----- Data extract -----

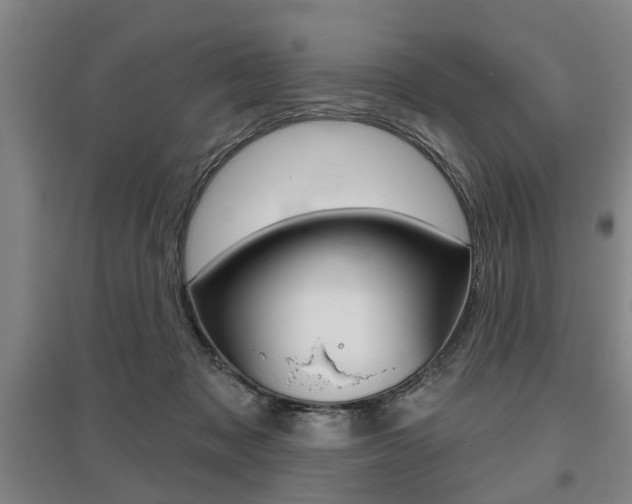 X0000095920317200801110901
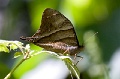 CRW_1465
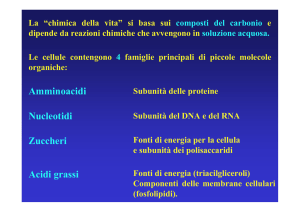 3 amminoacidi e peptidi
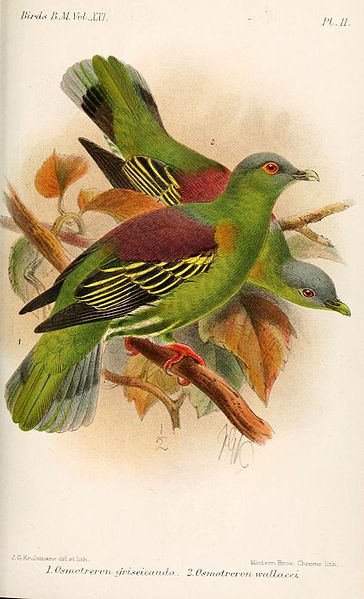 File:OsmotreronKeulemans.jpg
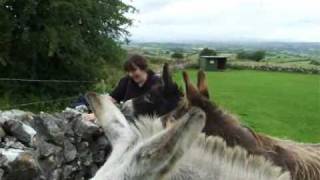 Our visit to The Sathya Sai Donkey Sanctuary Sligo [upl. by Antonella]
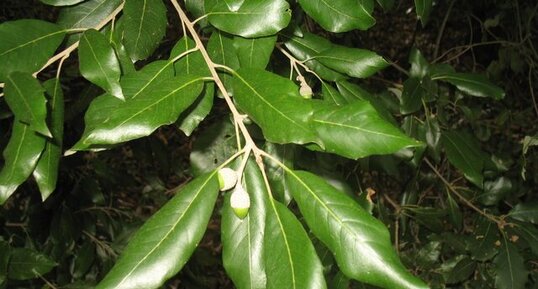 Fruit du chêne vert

-----
----- Data extract -----

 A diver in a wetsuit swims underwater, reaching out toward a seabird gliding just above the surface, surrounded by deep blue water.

-----

> [Brief]:
Beginning at the line above that contains "X0000095920317200801110901" and going on through the line that contains "Fruit du chêne vert", please copy every line exactly, leaving the pictures out and adding nothing.

> [Response to the exercise]:
 X0000095920317200801110901
 CRW_1465
 3 amminoacidi e peptidi
 File:OsmotreronKeulemans.jpg
 Our visit to The Sathya Sai Donkey Sanctuary Sligo [upl. by Antonella]
 Fruit du chêne vert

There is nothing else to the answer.